_Problem_
Only one stretch of the data below is wanted: the lines starting at the one with "The strapless jersey" and ending at the one with "Used 2020 Cadillac", both included, given again exactly.
[[ Material for this task open ]]
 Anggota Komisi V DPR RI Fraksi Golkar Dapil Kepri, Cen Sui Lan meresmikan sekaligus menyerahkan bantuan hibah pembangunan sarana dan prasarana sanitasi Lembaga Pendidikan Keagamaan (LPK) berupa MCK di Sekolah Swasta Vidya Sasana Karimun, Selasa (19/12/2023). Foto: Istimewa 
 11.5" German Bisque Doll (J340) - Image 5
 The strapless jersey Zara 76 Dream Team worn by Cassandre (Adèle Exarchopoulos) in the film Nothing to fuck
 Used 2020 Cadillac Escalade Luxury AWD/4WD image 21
[[ Material for this task closed ]]
[[ Material for this task open ]]
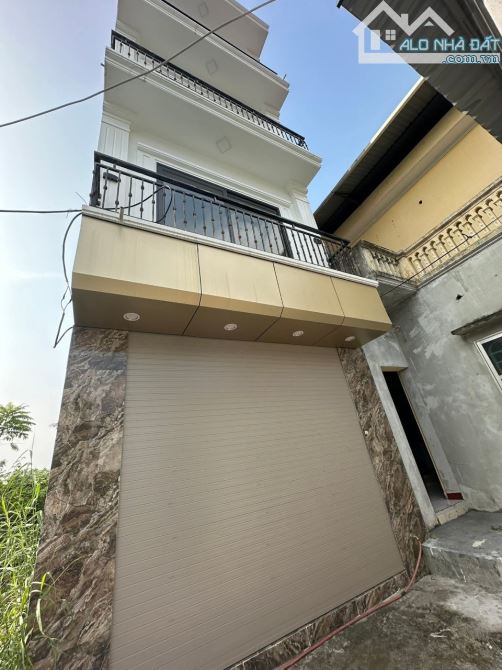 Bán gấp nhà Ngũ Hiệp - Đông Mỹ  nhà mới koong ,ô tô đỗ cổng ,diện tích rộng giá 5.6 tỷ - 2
[[ Material for this task closed ]]
[[ Material for this task open ]]
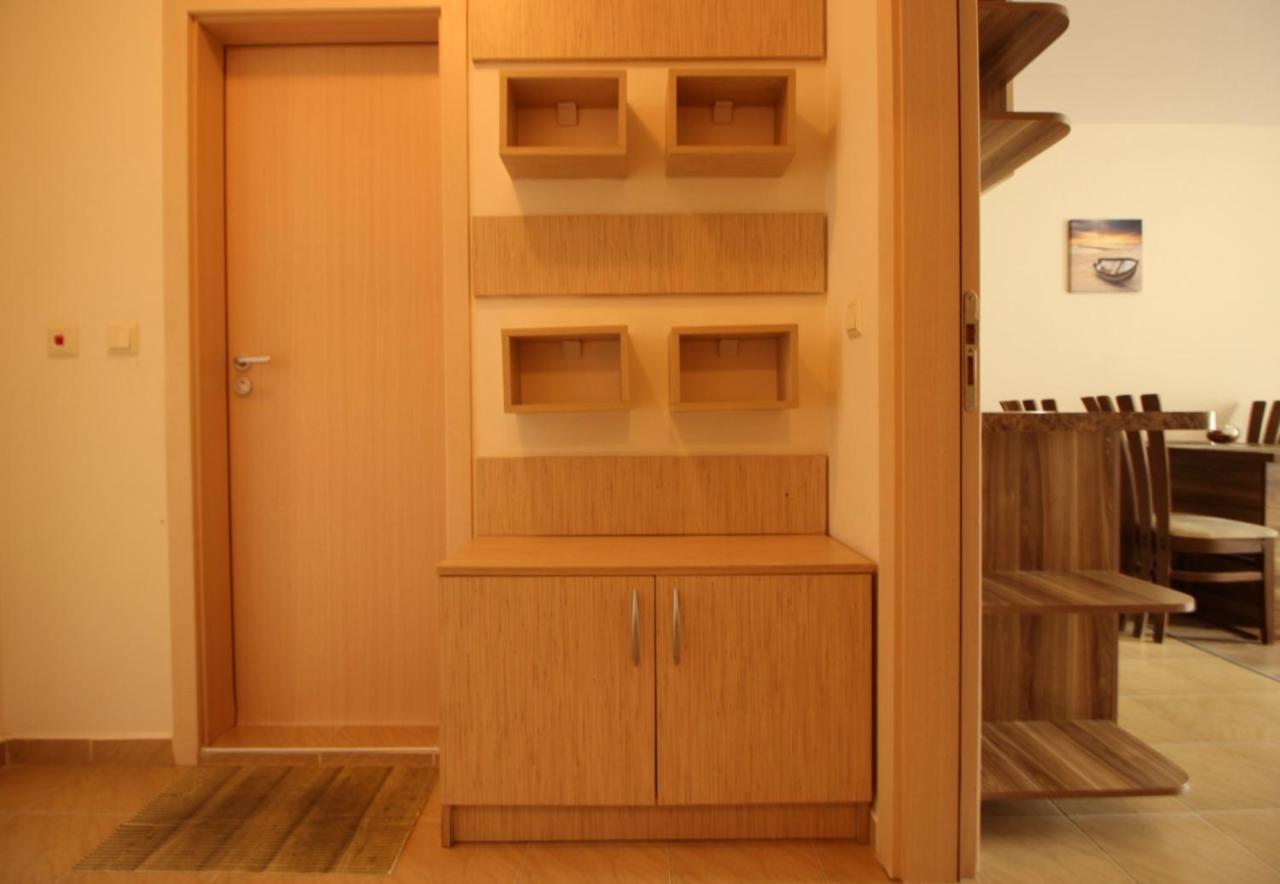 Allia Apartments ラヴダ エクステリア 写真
[[ Material for this task closed ]]
_Response to this task_
 The strapless jersey Zara 76 Dream Team worn by Cassandre (Adèle Exarchopoulos) in the film Nothing to fuck
 Used 2020 Cadillac Escalade Luxury AWD/4WD image 21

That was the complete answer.